Could you retry after updating the tools?

mlell commented 1 year ago

Thank you for this hint! I just installed datalad but missed the fact that the datalad version was restricted by our server's ancient python version. I have upgraded to Python 3.7.3 (the latest that I could compile myself easily on our cluster) and datalad 0.18.2

Indeed the problem is largely gone and the "origin" of repo A is renamed:

$ datalad siblings
.: here(+) [git]
.: origin-2(-) [(omitted)/../ria/5d0/493e1-44eb-42eb-8777-29b0ea6e5b43 (git)]
.: origin-storage(+) [ora]
.: origin(+) [../a (git)]

There remain only two things:

$ git -C a config --list | grep ^remote
remote.origin-storage.annex-externaltype=ora
remote.origin-storage.annex-uuid=43dcfcde-2c1a-4621-99ff-6a5464297255
remote.origin-storage.skipfetchall=true                            # <<< this is not inherited on cloning ===========
remote.origin-storage.annex-cost=100.0
remote.origin-storage.annex-availability=GloballyAvailable
remote.origin.annex-ignore=true                                    # <<< this is not inherited on cloning ===========
remote.origin.url=/data/lell/test/datalad-chain/a/../ria/5d0/493e1-
44eb-42eb-8777-29b0ea6e5b43
remote.origin.fetch=+refs/heads/*:refs/remotes/origin/*
remote.origin.datalad-publish-depends=origin-storage               # <<< this is not inherited on cloning ===========

$ git -C b config --list | grep ^remote
remote.origin.url=../a
remote.origin.fetch=+refs/heads/*:refs/remotes/origin/*
remote.origin.annex-uuid=b1a84354-0031-4c73-a608-ef9997a93234
remote.origin-storage.annex-externaltype=ora
remote.origin-storage.annex-uuid=43dcfcde-2c1a-4621-99ff-6a5464297255
remote.origin-storage.annex-cost=100.0
remote.origin-storage.annex-availability=GloballyAvailable
remote.origin-2.url=/data/lell/test/datalad-chain/a/../ria/5d0/493e1-44eb-42eb-8777-29b0ea6e5b43
remote.origin-2.fetch=+refs/heads/*:refs/remotes/origin-2/*
remote.origin-2.annex-ignore=false
mlell commented 1 year ago

Test for publication dependency problem:

$ cd b
$ echo "test" > x
$ datalad save
$ datalad push --to origin-2
publish(ok): . (dataset) [refs/heads/master->origin-2:refs/heads/master [new branch]]
publish(ok): . (dataset) [refs/heads/git-annex->origin-2:refs/heads/git-annex [new branch]]
action summary:
  copy (notneeded: 1)
  publish (ok: 2)
$ git annex find --not --in origin-storage

  remote origin-2:This repository is not initialized for use by git-annex, but /qg-10/data/AGR-QG/lell/test/datalad-chain/a/../ria/5d0/493e1-44eb-42eb-8777-29b0ea6e5b43/annex/objects/ exists, which indicates this repository was used by git-annex before, and may have lost its annex.uuid and annex.version configs. Either set back missing configs, or run git-annex init to initialize with a new uuid.
x

(relevant of the last command is the x at the very end, indicating that the file x was not uploaded to the RIA store annex. The warning before that might come from the config remote.origin-2.annex-ignore not being inherited from the a repo as well)
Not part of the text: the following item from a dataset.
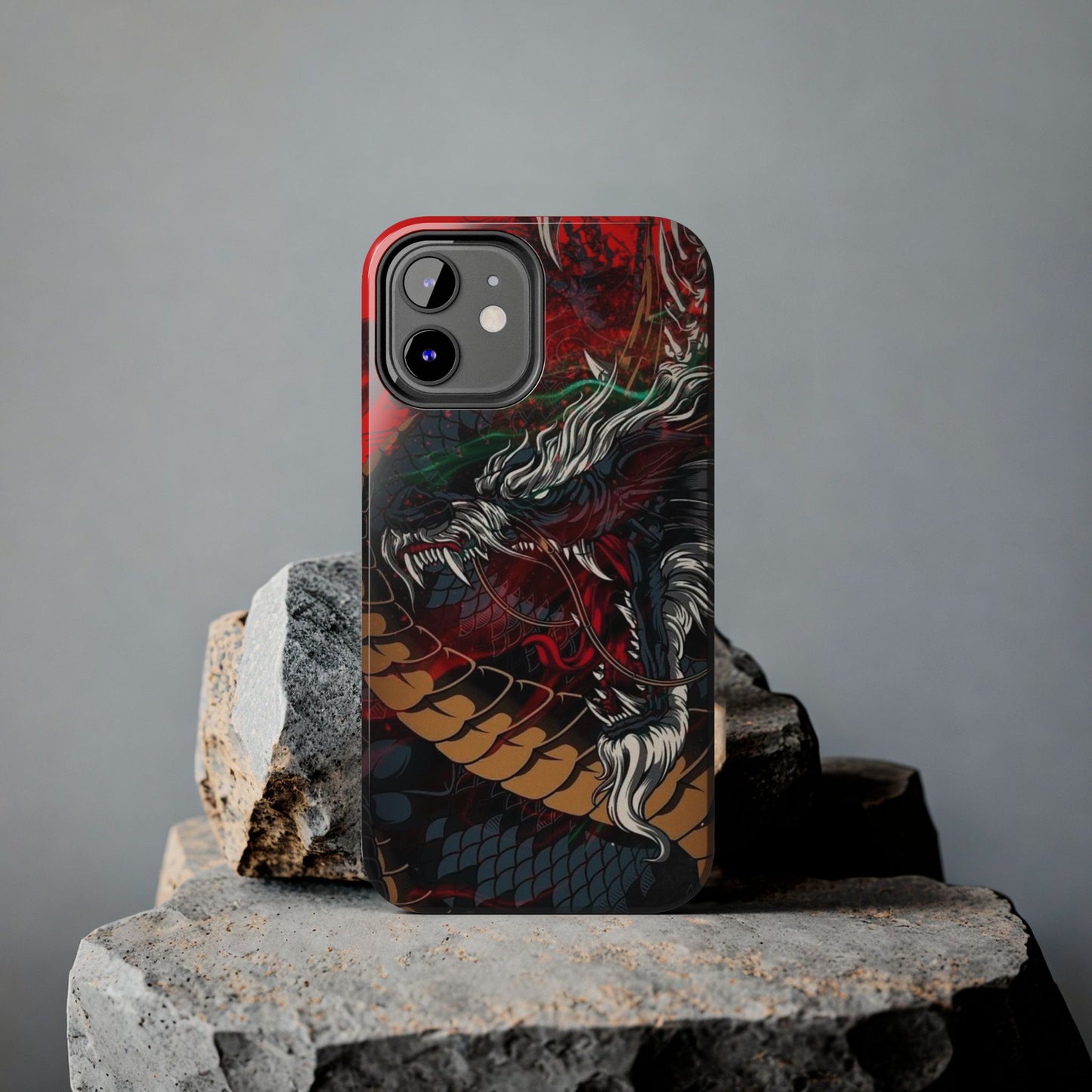 Coque de téléphone renforcée Dragon Rage — Housse protectrice iPhone style tatouage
Comparing with the case where we first push x from b to "origin" (->a) and then from a to "origin"(->ria), the ORA sibling of the RIA store is updated

$cd a
$git config receive.denyCurrentBranch updateInstead
$cd ../b
$datalad push --to origin
$cd ../a
$datalad push --to origin
$git annex find --not --in origin-storage
# -- no output, so x is uploaded --